Today, although the weather was not as pleasant as yesterdays, I was able to return to the old Oakdale Colliery site, to photograph the memorial set up for all the miners who worked there. It is placed in the now verdant verge by the side of a very busy main road
Designed by a local artist, Steve Welchman, it's base is constructed of different colours of stone, supporting three arcs to which a single pit winding wheel has been cut into thirds.

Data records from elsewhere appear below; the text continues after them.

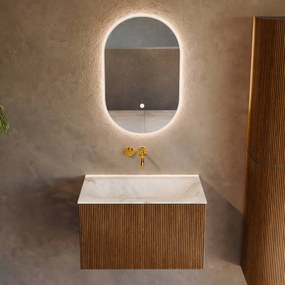 Mondiaz Kurve-dlux 70cm badmeubel dusk met 1 lade en wastafel big small midden zonder kraangat opalo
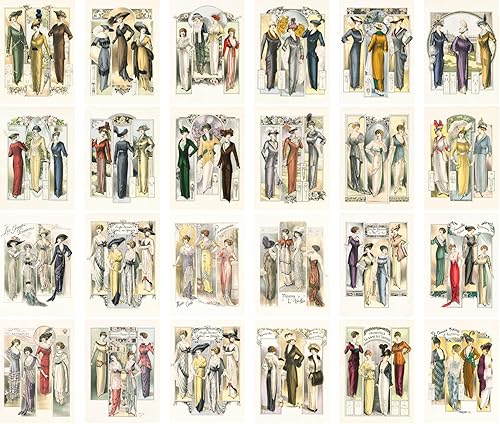 Miniatura 8 de PIXILUV Postales vintage (24 piezas de 4 x 6 pulgadas cada una) increíbles mujeres mágicas con destellos y mariposas, postales vintage, tarjetas de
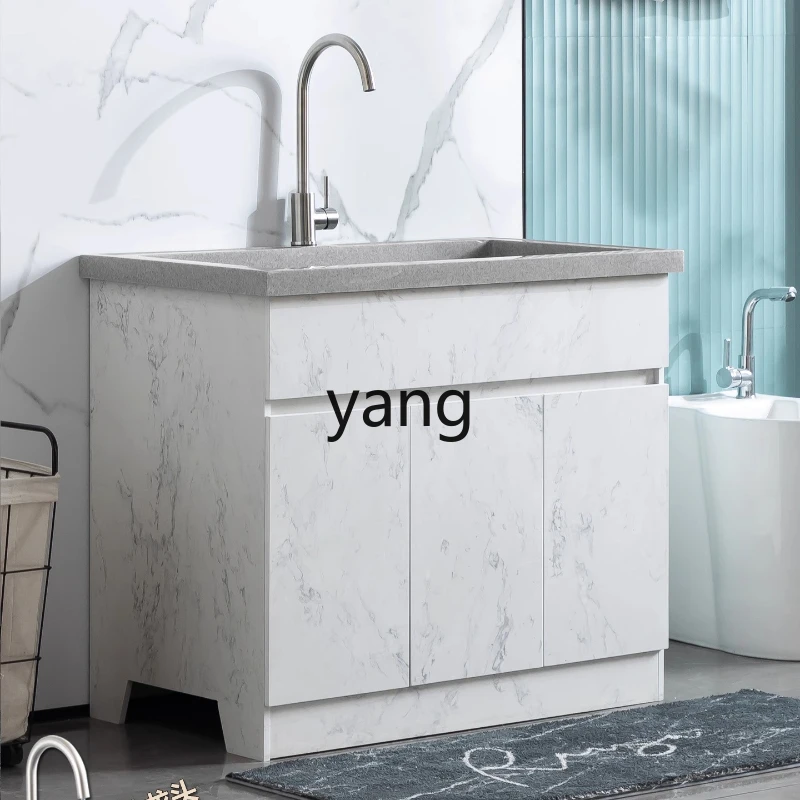 LMM Large Sink Quartz Stone Laundry Basin Integrated Artificial Stone Laundry Cabinet Balcony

This was to commemorate the three separate shafts that were mined at the colliery. On a separate stone plinth to one side is a simple but evocative bi-lingual plaque, which reads,
Oakdale was, in war time a significant colliery in that it was one of the main training centres for "The Bevin Boys". Ernest Bevin and others at the time, realised the importance of coal mining as regards it's contribution to the war effort. With so many recruited into the armed services, manpower in the mines was much needed. However it provided work not just for the local Welsh community but for those in other countries, displaced by the effect of wartime occupation. Research shows quite a list not only those recruited from other areas of The British Isles but also ... Russians, Ukranians, Slavs, Dutch and by no means least the Poles who proved to be hard working and highly respected miners. After the war had ended some of these "newcomers" happily stayed on and integrated into the area. The need for miners in the heyday of coal, changed communities across Wales in a similar way, even before the war and now apart from just a few working mines it is only memorials like this that remain as a visible reminder to mark the underground darkness of the past, when mole like men burrowed deep underground to provide our nation with fuel.
I read somewhere that the eventual site covered an area of some 400 acres, quite a lot of which has been turned into new industrial estates, but much of it though levelled and regenerated with much planting and seeding (like the area we walked in yesterday) seems very much like wasted ground. Pleasant enough for those who walk or ride across it, but like so many ex-mining areas of Wales, it is now difficult to imagine how the landscape was so drastically different to today, unless of course one was living here at the time as were so many people I know. For them ... only photographs and vivid memories remain.
But to end on a brighter, more colourful note. There is one small plant that seems to thrive on this night dark ground and ... provides, not just brightness but also sweetness ...
The wild strawberry ... what a delicious treat to be found on an old mining site.